Mas Muntadi dan Mas Ali Kabal yang dikenal sebagai pendukung Pak Kades tak henti-hentinya menggoreng tingkah polah Cak Kun tersebut. Padahal warga desa Jetis sudah mulai melupakannya. Bahkan kini kedua orang itu mengatakan bahwa Cak Kun sengaja dibayar oleh seseorang untuk mendeskreditkan Pak Kades yang sedang menyusun rencana untuk menjabat kembali baik melalui orang kepercayaannya maupun cara lain. Pokoknya tiga periode. Kata Mas Muntadi, ulah Cak Kun adalah konspirasi jahat yang hendak menjegal kemajuan desa.
Yang justeru mengherankan lagi banyak juga sesepuh desa yang berjuluk Kyai percaya dengan omongan Mas Muntadi dan Mas Ali Kabal. Mereka ikut-ikutan menghujat Cak Kun. Kata para Kyai tersebut ; ngono yo ngono ning ojo ngono. Sungguh sebuah kalimat yang bersayap kalau benar-benar diresapi.
Diam-diam aku juga mulai terpancing oleh desas-desus yang kian santer menjalar bak bau ikan asin yang tengah digoreng tersebut. Malam Jumat sehabis ngopi di warung Mak Yah,aku sengaja mlipir menemui Cak Kun. Bagiku tak sulit untuk menemuinya karena sejak lama Aku bersahabat baik dengan Cak Kun. Kakek Cak Kun adalah kawan akrab kakekku. Jadi kami merasa sudah sepantasnya untuk berkarib.
Cak Kun terlihat duduk di atas lincak ditemani istrinya. Ketika melihat kedatangannku lelaki asal dukuh Jombrang itu segera berdiri dan memelukku sambil tertawa terbahak-bahak. Di sela-sela jari jemarinya terlihat sebatang rokok kretek kesayangannya.
“Saiki aku wis merdeka kang!” ucapnya sambil mengajakku duduk di atas lincak.
Merdeka Piye maksudmu Cak? Tanyaku sambil melolos sebatang rokok kretek milik Cak Kun yang tergeletak di depanku. Sejurus kemudian rokok kretek itupun telah mengepulkan asapnya.
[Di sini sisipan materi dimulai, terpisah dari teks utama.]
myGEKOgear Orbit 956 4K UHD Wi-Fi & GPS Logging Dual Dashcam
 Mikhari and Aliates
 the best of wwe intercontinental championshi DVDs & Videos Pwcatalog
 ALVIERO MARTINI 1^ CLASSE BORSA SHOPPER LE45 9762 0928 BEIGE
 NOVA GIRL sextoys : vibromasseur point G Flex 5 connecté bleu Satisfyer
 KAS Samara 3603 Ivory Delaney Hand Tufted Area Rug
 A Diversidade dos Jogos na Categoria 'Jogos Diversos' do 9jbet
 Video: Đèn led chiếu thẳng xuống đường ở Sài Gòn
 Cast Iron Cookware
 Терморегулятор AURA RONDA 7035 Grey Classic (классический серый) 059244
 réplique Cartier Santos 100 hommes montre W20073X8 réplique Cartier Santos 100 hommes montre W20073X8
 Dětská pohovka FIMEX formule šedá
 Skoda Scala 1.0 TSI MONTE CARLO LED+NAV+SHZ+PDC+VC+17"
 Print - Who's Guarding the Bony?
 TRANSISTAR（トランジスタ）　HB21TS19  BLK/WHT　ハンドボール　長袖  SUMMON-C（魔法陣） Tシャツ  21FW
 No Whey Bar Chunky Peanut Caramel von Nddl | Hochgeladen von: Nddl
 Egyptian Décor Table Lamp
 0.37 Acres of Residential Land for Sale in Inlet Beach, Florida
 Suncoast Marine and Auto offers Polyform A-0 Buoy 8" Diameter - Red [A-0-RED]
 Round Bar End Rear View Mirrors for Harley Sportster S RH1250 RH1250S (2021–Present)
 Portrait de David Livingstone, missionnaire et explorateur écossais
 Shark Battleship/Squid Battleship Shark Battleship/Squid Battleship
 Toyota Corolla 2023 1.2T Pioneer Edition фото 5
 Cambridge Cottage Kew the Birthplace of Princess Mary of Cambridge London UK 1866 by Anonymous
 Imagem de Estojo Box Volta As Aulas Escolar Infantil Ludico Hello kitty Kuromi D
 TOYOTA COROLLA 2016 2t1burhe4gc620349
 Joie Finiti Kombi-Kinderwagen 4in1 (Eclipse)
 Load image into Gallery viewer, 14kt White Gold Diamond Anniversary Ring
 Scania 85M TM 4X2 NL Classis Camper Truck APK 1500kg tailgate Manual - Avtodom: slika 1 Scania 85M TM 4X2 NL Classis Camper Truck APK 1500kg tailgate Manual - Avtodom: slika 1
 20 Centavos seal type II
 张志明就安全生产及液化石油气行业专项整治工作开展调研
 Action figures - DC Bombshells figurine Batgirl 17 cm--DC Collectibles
“Aku saiki wis dadi aku maneh. Dudu Cak kun sing jare Wali. Saiki aku ora perlu maneh ngurusi wong-wong sing arep ngaji. Opo maneh ngurusi wong-wong sing konsultasi tentang kepemimpinan desa periode berikutnya,”
“Masak Cuma itu Cak?” tanyaku menyelidik. Lama kulihat Cak Kun hanya terdiam seribu bahasa. Tak sedikitpun kulihat Cak Kun memikirkan pertanyaanku barusan. Lelaki itu hanya terlihat begitu santainya sambil menghisap rokok kretek kesayangannya tersebut dalam-dalam.
“Aku ora ngerti. Jawabnya ringan.
“Jancok!” sahutku spontan. Mendengar umpatanku tersebut, Cak Kun justeru tertawa terbahak-bahak sambil berkata ;
“Aku kangen pisuhanmu. Wis suwe tenan ora ana wong misuhi Aku.”